» What to produce
With the pictures left aside, write out exactly the lines of the listing below from the line with "Summit Estates Cabin" to the line with "1801 Missouri Ave", both included, and only those.

» Records for processing

[Start of section]

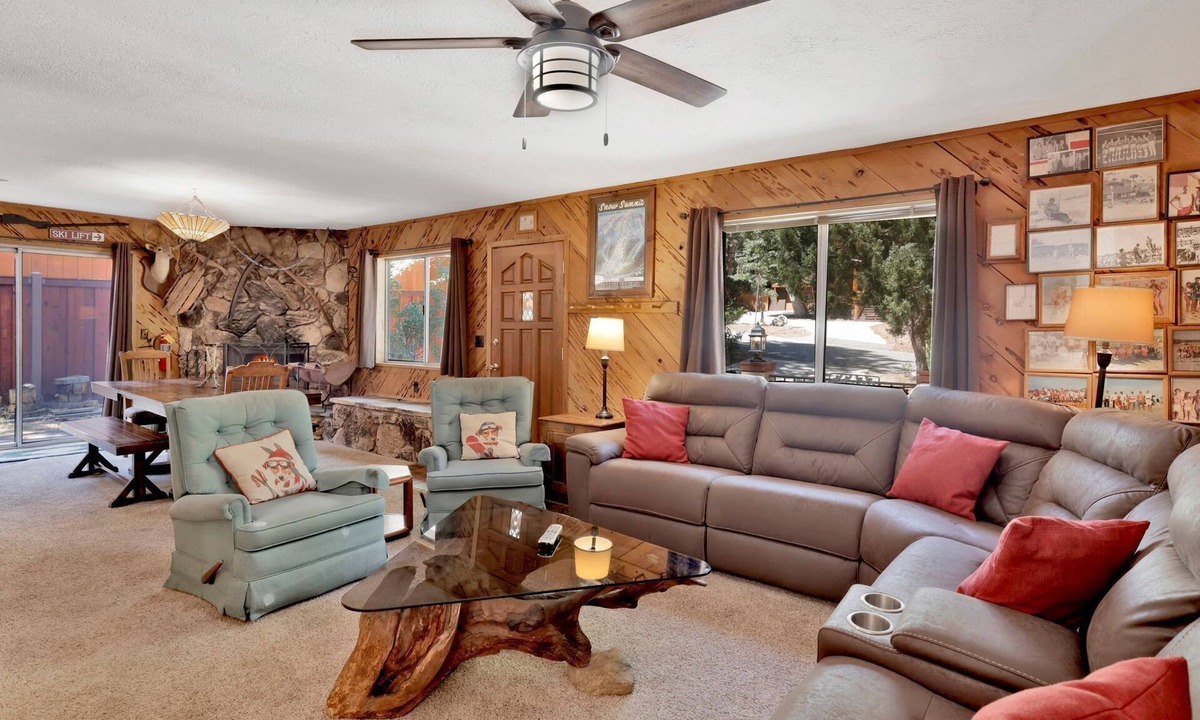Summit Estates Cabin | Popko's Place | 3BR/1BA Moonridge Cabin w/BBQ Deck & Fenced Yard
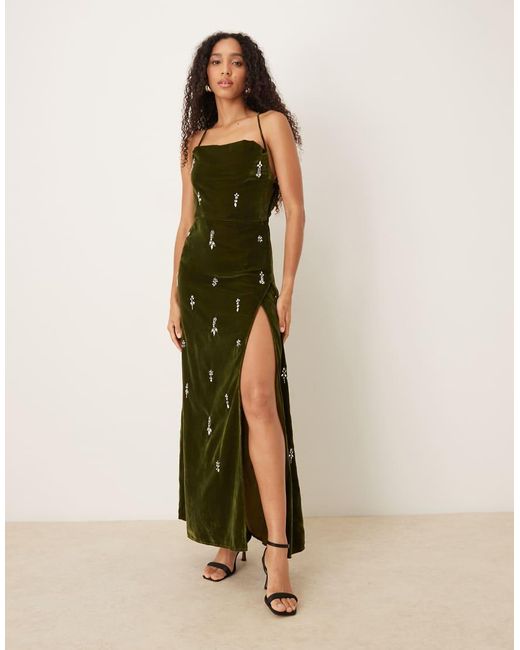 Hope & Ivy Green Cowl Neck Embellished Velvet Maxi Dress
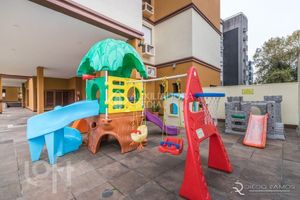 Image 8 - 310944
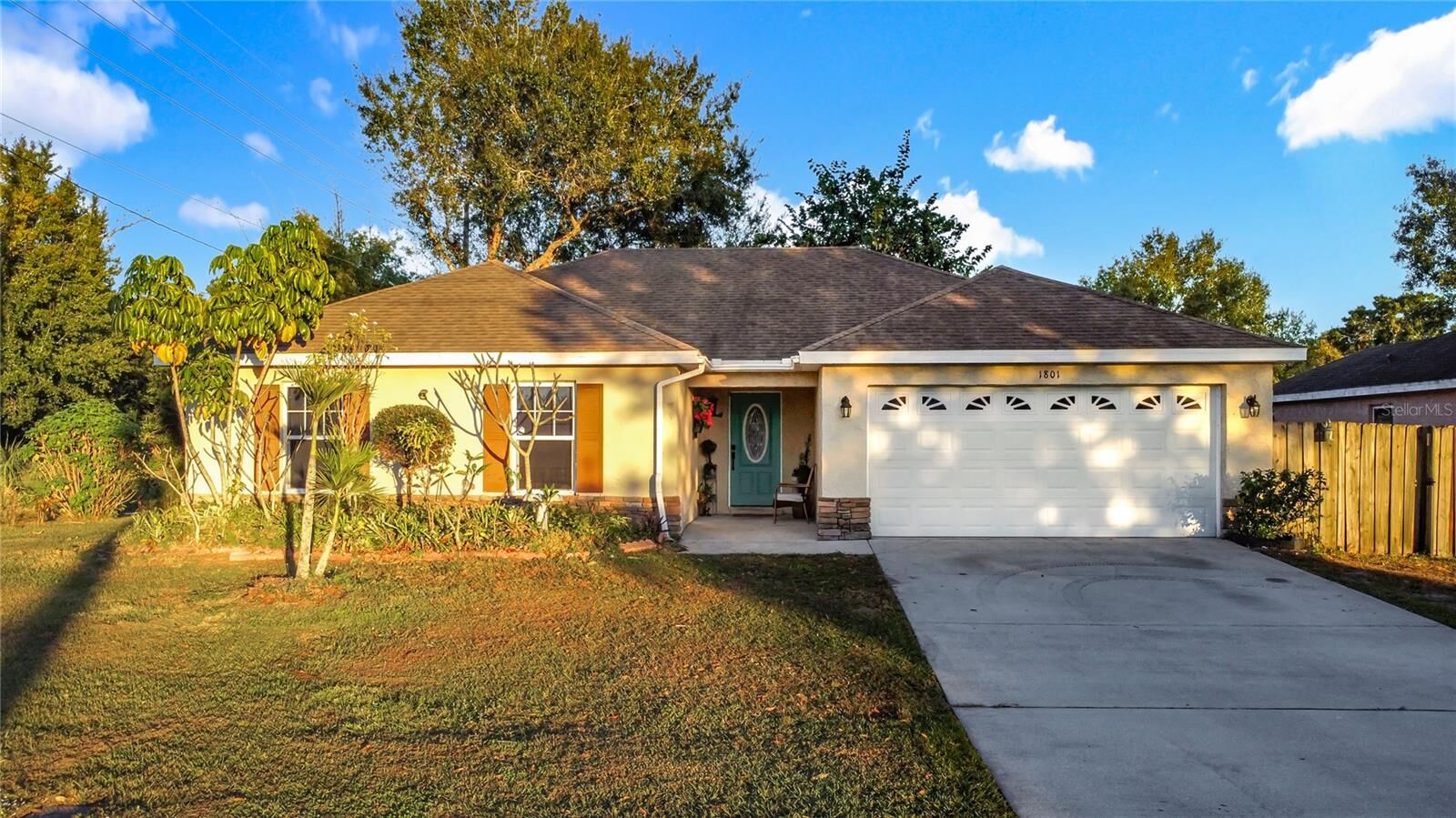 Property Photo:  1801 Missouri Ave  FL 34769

[End of section]
[Start of section]

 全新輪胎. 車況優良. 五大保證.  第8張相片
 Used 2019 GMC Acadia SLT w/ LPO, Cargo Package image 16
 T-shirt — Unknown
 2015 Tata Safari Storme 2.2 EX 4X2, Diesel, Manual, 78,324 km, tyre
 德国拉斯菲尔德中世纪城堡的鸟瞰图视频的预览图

[End of section]

» Worked solution
Summit Estates Cabin | Popko's Place | 3BR/1BA Moonridge Cabin w/BBQ Deck & Fenced Yard
 Hope & Ivy Green Cowl Neck Embellished Velvet Maxi Dress
 Image 8 - 310944
 Property Photo:  1801 Missouri Ave  FL 34769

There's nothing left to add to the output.